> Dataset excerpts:
.....
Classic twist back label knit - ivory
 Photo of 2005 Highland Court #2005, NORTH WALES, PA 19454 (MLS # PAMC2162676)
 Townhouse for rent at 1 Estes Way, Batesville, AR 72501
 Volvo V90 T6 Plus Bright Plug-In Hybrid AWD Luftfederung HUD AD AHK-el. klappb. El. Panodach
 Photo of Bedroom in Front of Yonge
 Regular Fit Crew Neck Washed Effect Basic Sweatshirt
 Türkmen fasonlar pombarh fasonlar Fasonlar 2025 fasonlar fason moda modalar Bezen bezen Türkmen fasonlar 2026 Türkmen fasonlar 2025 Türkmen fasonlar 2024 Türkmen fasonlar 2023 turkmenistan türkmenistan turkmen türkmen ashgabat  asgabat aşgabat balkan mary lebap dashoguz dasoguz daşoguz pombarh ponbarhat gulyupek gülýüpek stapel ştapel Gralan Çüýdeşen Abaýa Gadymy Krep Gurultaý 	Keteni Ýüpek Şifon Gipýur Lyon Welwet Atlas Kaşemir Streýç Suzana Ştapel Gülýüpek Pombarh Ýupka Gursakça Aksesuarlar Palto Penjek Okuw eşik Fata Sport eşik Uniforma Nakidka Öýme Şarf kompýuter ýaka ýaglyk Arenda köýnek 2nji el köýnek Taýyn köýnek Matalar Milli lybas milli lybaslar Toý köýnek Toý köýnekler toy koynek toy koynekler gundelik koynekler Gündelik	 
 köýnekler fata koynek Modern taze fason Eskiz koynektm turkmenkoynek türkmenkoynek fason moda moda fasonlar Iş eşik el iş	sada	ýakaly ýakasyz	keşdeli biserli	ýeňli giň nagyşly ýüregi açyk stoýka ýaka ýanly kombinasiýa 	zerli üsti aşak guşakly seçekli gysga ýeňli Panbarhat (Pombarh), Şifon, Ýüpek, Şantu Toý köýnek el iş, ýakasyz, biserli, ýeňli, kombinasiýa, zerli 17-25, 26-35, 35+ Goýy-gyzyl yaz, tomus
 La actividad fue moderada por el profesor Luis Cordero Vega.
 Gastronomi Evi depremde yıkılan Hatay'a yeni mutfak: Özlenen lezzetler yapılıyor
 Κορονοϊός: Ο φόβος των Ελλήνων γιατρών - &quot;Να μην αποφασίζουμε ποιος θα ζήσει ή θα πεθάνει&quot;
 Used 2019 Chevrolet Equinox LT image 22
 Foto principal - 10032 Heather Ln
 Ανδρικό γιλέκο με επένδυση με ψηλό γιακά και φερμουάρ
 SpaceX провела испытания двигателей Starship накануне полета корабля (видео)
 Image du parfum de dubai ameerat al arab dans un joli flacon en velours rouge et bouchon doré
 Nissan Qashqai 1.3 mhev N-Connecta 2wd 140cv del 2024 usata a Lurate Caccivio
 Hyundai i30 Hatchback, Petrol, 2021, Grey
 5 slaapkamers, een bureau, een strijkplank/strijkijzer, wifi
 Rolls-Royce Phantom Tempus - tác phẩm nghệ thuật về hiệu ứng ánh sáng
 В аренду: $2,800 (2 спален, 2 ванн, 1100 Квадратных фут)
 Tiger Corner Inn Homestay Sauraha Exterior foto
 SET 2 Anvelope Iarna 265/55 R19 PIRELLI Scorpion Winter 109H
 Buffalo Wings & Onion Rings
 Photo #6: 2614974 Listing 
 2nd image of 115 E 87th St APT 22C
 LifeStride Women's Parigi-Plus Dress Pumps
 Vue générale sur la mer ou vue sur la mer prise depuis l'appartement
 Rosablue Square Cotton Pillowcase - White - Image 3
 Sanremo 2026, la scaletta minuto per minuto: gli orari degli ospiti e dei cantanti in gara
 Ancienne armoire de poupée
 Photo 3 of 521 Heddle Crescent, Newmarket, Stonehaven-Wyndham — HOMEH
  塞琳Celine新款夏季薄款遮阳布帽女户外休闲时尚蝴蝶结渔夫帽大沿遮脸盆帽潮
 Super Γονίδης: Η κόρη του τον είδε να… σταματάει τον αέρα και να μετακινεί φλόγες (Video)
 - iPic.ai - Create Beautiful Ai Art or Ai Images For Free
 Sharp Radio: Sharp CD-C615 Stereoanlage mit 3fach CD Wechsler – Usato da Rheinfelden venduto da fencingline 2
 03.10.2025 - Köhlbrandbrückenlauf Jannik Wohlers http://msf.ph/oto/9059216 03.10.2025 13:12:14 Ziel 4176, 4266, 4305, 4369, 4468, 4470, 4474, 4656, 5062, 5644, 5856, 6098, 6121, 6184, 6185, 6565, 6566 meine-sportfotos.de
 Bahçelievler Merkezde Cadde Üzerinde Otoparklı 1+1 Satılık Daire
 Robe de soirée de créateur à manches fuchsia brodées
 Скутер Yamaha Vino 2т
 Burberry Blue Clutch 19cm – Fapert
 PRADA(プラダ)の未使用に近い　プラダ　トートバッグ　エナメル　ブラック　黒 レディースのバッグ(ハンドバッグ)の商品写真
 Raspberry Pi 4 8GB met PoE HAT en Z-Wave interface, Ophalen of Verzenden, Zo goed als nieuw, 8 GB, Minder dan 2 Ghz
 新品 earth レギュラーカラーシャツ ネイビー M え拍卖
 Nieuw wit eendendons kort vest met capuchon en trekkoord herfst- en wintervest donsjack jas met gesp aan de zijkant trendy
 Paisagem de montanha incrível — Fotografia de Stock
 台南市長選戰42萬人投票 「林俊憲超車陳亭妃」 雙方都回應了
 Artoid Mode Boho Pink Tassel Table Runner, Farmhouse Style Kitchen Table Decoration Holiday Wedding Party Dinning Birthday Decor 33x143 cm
.....
Lines to set down from above: the line with "La actividad fue", the line with "Burberry Blue Clutch 19cm – Fapert", and every line between, each exactly as written.

> EXERCISE SOLUTION:
 La actividad fue moderada por el profesor Luis Cordero Vega.
 Gastronomi Evi depremde yıkılan Hatay'a yeni mutfak: Özlenen lezzetler yapılıyor
 Κορονοϊός: Ο φόβος των Ελλήνων γιατρών - &quot;Να μην αποφασίζουμε ποιος θα ζήσει ή θα πεθάνει&quot;
 Used 2019 Chevrolet Equinox LT image 22
 Foto principal - 10032 Heather Ln
 Ανδρικό γιλέκο με επένδυση με ψηλό γιακά και φερμουάρ
 SpaceX провела испытания двигателей Starship накануне полета корабля (видео)
 Image du parfum de dubai ameerat al arab dans un joli flacon en velours rouge et bouchon doré
 Nissan Qashqai 1.3 mhev N-Connecta 2wd 140cv del 2024 usata a Lurate Caccivio
 Hyundai i30 Hatchback, Petrol, 2021, Grey
 5 slaapkamers, een bureau, een strijkplank/strijkijzer, wifi
 Rolls-Royce Phantom Tempus - tác phẩm nghệ thuật về hiệu ứng ánh sáng
 В аренду: $2,800 (2 спален, 2 ванн, 1100 Квадратных фут)
 Tiger Corner Inn Homestay Sauraha Exterior foto
 SET 2 Anvelope Iarna 265/55 R19 PIRELLI Scorpion Winter 109H
 Buffalo Wings & Onion Rings
 Photo #6: 2614974 Listing 
 2nd image of 115 E 87th St APT 22C
 LifeStride Women's Parigi-Plus Dress Pumps
 Vue générale sur la mer ou vue sur la mer prise depuis l'appartement
 Rosablue Square Cotton Pillowcase - White - Image 3
 Sanremo 2026, la scaletta minuto per minuto: gli orari degli ospiti e dei cantanti in gara
 Ancienne armoire de poupée
 Photo 3 of 521 Heddle Crescent, Newmarket, Stonehaven-Wyndham — HOMEH
  塞琳Celine新款夏季薄款遮阳布帽女户外休闲时尚蝴蝶结渔夫帽大沿遮脸盆帽潮
 Super Γονίδης: Η κόρη του τον είδε να… σταματάει τον αέρα και να μετακινεί φλόγες (Video)
 - iPic.ai - Create Beautiful Ai Art or Ai Images For Free
 Sharp Radio: Sharp CD-C615 Stereoanlage mit 3fach CD Wechsler – Usato da Rheinfelden venduto da fencingline 2
 03.10.2025 - Köhlbrandbrückenlauf Jannik Wohlers http://msf.ph/oto/9059216 03.10.2025 13:12:14 Ziel 4176, 4266, 4305, 4369, 4468, 4470, 4474, 4656, 5062, 5644, 5856, 6098, 6121, 6184, 6185, 6565, 6566 meine-sportfotos.de
 Bahçelievler Merkezde Cadde Üzerinde Otoparklı 1+1 Satılık Daire
 Robe de soirée de créateur à manches fuchsia brodées
 Скутер Yamaha Vino 2т
 Burberry Blue Clutch 19cm – Fapert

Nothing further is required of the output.